Monday came and we met the specialist and we could not have asked for a more compassionate and understanding doctor, who was sympathetic and told us everything we needed to know and was not worried about any number of questions we wanted to ask. He then referred us to Mia’s actual surgeon who we owe everything to. He, again, was so friendly and reassuring that she would be fine and that he would do everything he could to help. At 4 weeks old she had her surgery to remove it and an implant put in. It was 2 hour surgery and when she came out all we wanted to do was cuddle her and never let go. She was absolutely fine, the surgery went well. We were amazed that there was no bruising and you could hardly see where they had cut. The eye drops we had to do afterwards where like a military operation we had to write everything down to make it easier to remember what had been done and when. But I can say it was well worth it!!!
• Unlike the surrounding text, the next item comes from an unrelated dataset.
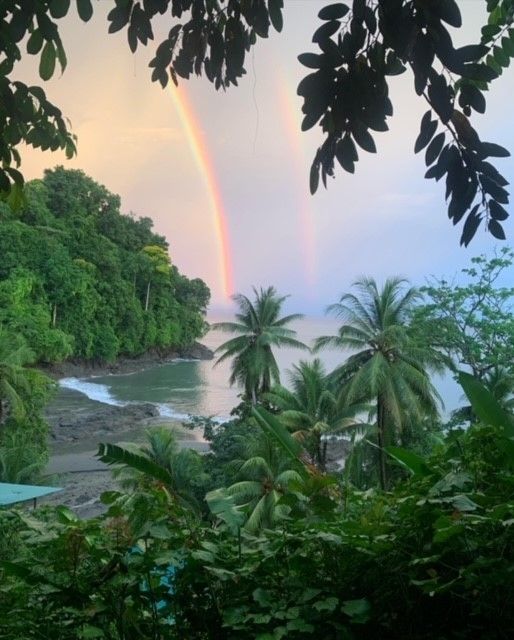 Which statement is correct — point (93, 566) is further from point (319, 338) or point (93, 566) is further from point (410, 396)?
point (319, 338)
Mia had contact lenses and glasses from about ten weeks old because she was born with astigmatism as well. Which I believe children are normally born with but it can disappear over time, but as she was being treated for her cataract so she was able to be treated for the astigmatism at the same time otherwise it may not have been picked up until the routine eye check at 3 years. She no longer has her contact lenses and just has her glasses. We patch her good eye every day and her eyes get better and better. We only have to see her today to see how well she has done, that every little bit of it was worth it. She now is classed as having normal eyesight so our thanks go out to the initial doctor and to her surgeon and everyone at the ophthalmology department who have either helped or seen her throughout her journey. I am very pleased to say that she is a very happy and content little monster today. Latest news is that she has her first pair of metal rim bifocals on order. She is growing so fast. She looked like a real grown up when she tried them on, not just 22 months.